• [THE PROBLEM]: For this exercise, copy exactly the lines below from the one with "Apartamento à venda" through the one with "11291 SW 88th St # 202M" and leave out the pictures.

• [STUDY MATERIAL]:
##########
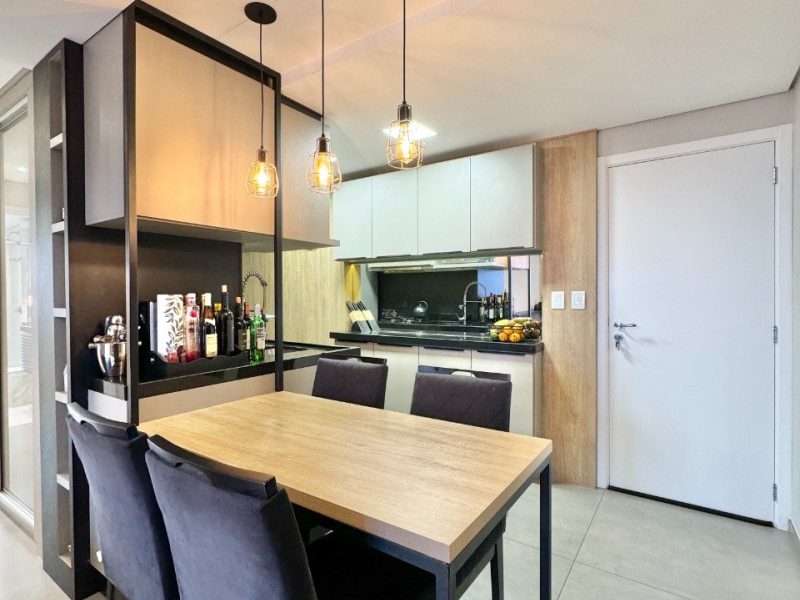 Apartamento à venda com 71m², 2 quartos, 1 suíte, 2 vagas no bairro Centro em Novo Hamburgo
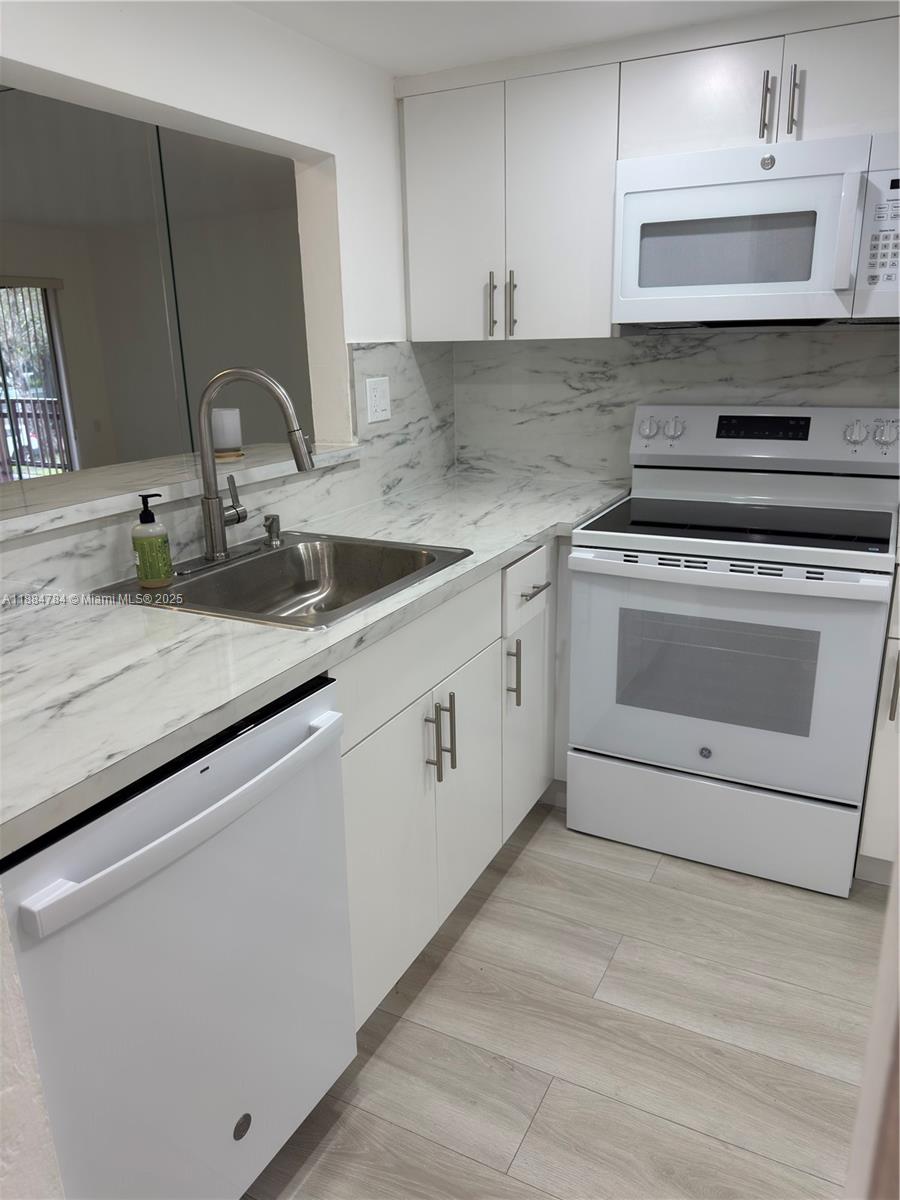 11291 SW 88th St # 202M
##########
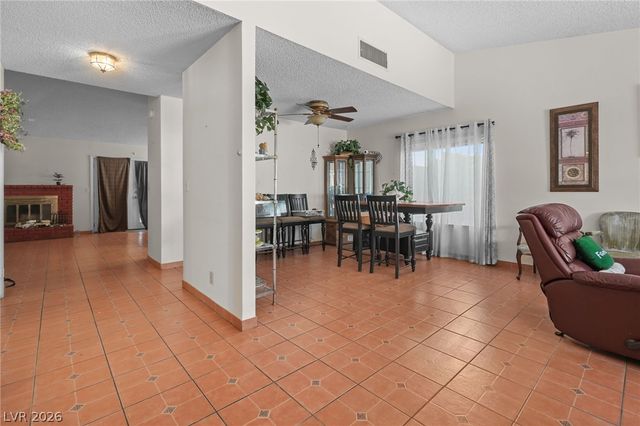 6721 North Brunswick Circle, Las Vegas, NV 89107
##########
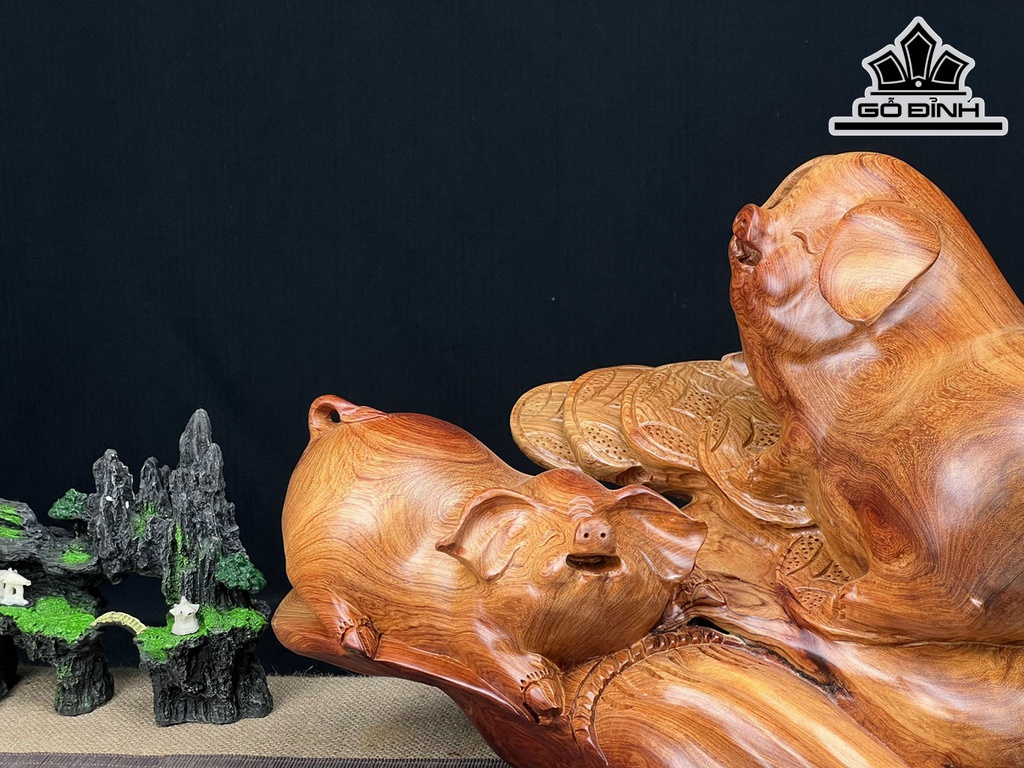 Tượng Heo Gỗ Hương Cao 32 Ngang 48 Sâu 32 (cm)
##########
• [ANSWER TO THIS TASK]:
 Apartamento à venda com 71m², 2 quartos, 1 suíte, 2 vagas no bairro Centro em Novo Hamburgo
 11291 SW 88th St # 202M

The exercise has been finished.